_AVAILABLE RECORDS_

__________________________________________________

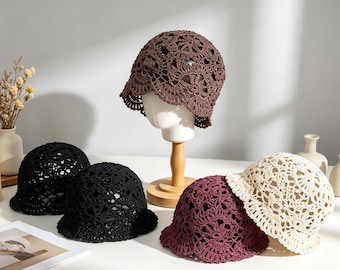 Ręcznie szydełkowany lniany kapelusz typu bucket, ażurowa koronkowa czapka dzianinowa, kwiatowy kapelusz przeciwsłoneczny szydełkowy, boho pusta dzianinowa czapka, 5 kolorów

__________________________________________________

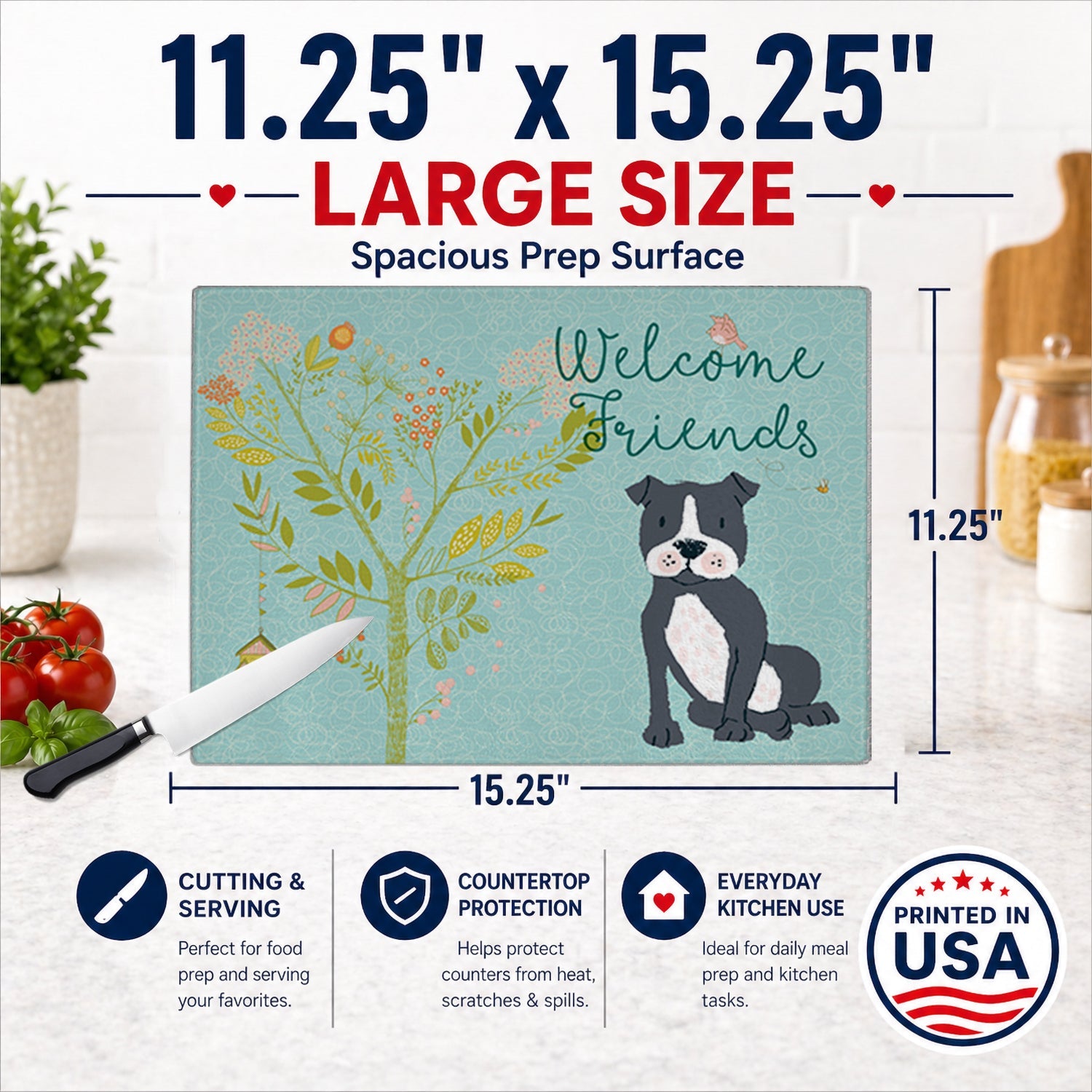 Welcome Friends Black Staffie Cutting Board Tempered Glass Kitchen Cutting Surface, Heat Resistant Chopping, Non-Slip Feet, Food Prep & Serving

__________________________________________________

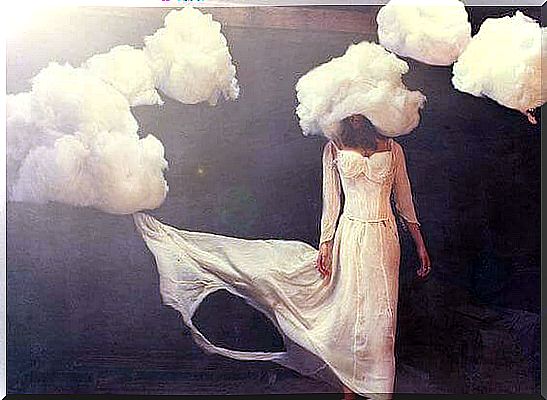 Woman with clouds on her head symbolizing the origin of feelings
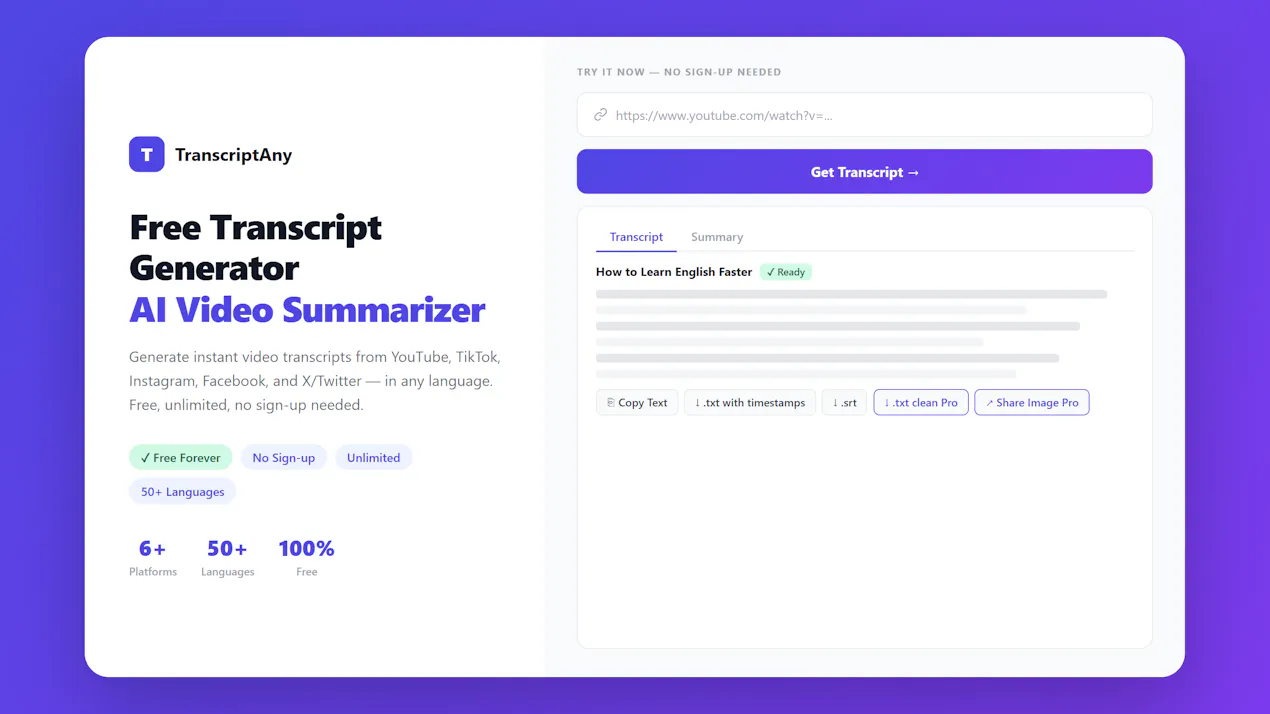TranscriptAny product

__________________________________________________

_WHAT YOU NEED TO DO_
The material above holds pictures; leave them out. Repeat exactly the lines from the one containing "Woman with clouds" through the one containing "TranscriptAny product", and nothing else.

_RESPONSE TO THIS EXERCISE_
 Woman with clouds on her head symbolizing the origin of feelings
TranscriptAny product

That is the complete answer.